• **Work item**: Can you transcribe the data exactly? Leave the pictures out.

• **Data shown**:
──────
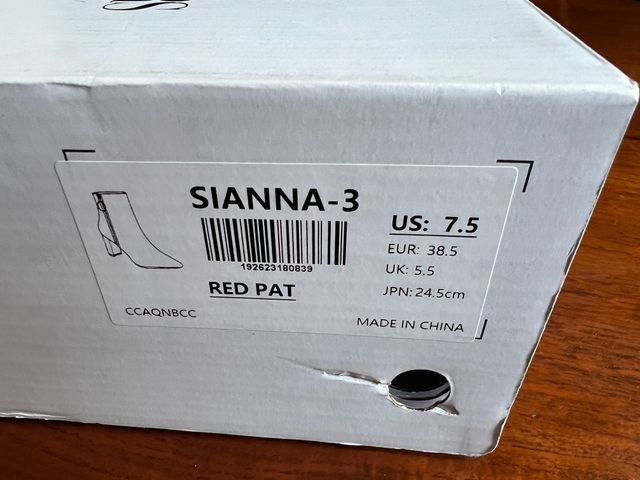 Dream Pairs Botas rojas tacón alto.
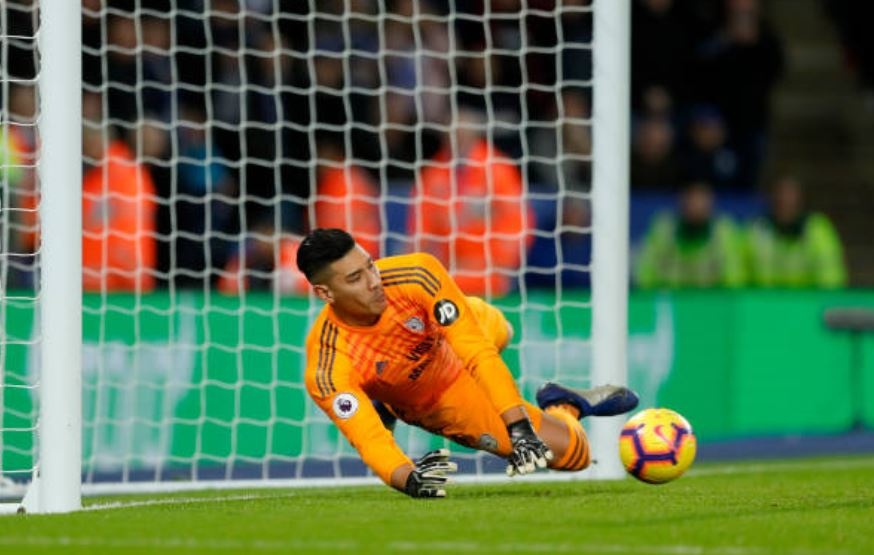 Neil Etheridge bat pen thanh cong anh 1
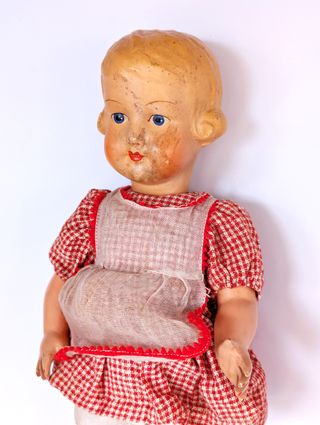 Antigua muñeca catalana cartón estucado 1940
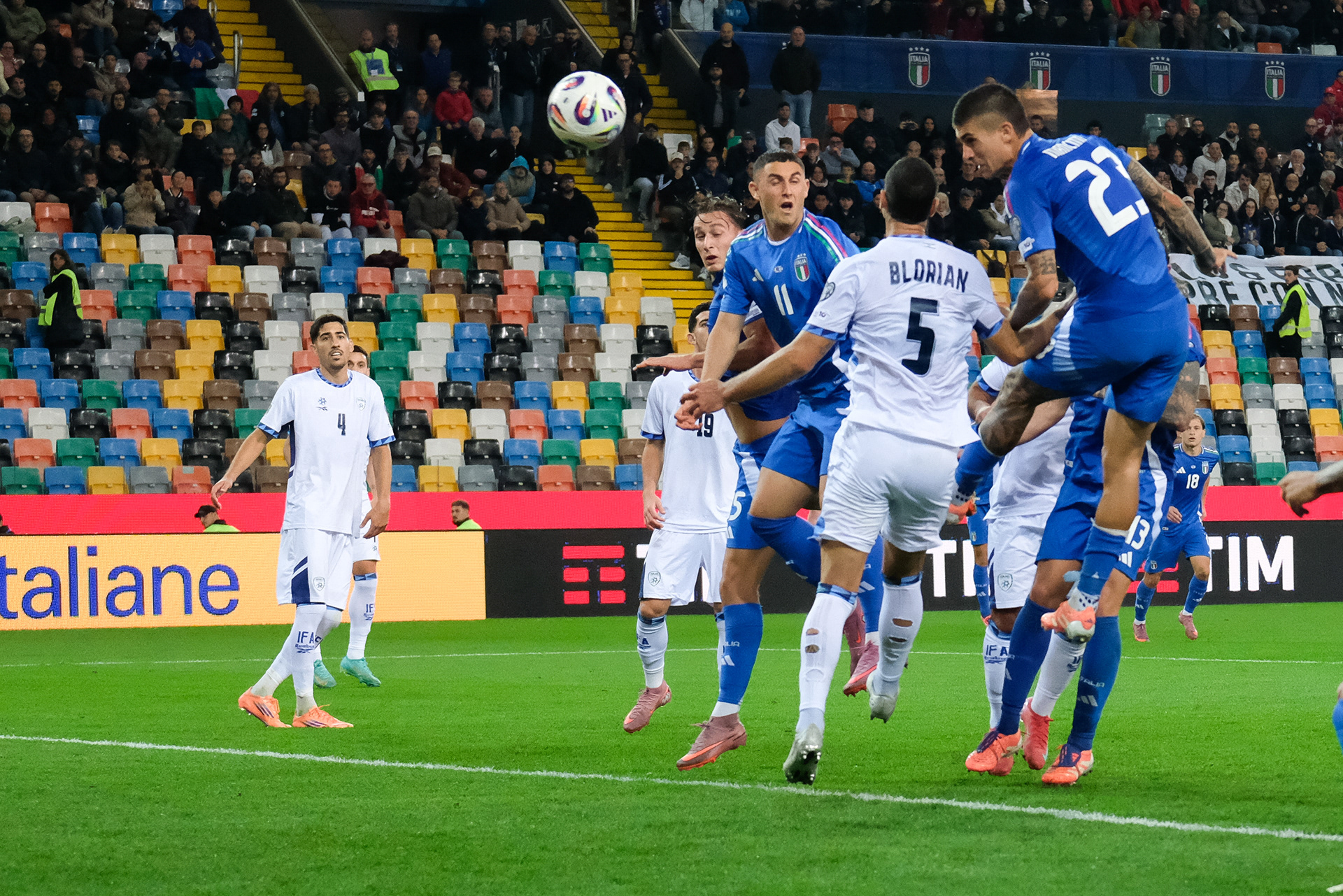 ITALY FC v ISRAEL - FIFA World CUP 2026 - Qualification Round // UDINE, ITALY - OCTOBER 14: Gianluca Mancini of Italy scoring a gol during the match between Italy and Israel at Stadio Friuli on october 14, 2025 in Udine, Italy. (Photo by Federico Serra)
──────
• **Response to the task**:
 Dream Pairs Botas rojas tacón alto.
 Neil Etheridge bat pen thanh cong anh 1
 Antigua muñeca catalana cartón estucado 1940
 ITALY FC v ISRAEL - FIFA World CUP 2026 - Qualification Round // UDINE, ITALY - OCTOBER 14: Gianluca Mancini of Italy scoring a gol during the match between Italy and Israel at Stadio Friuli on october 14, 2025 in Udine, Italy. (Photo by Federico Serra)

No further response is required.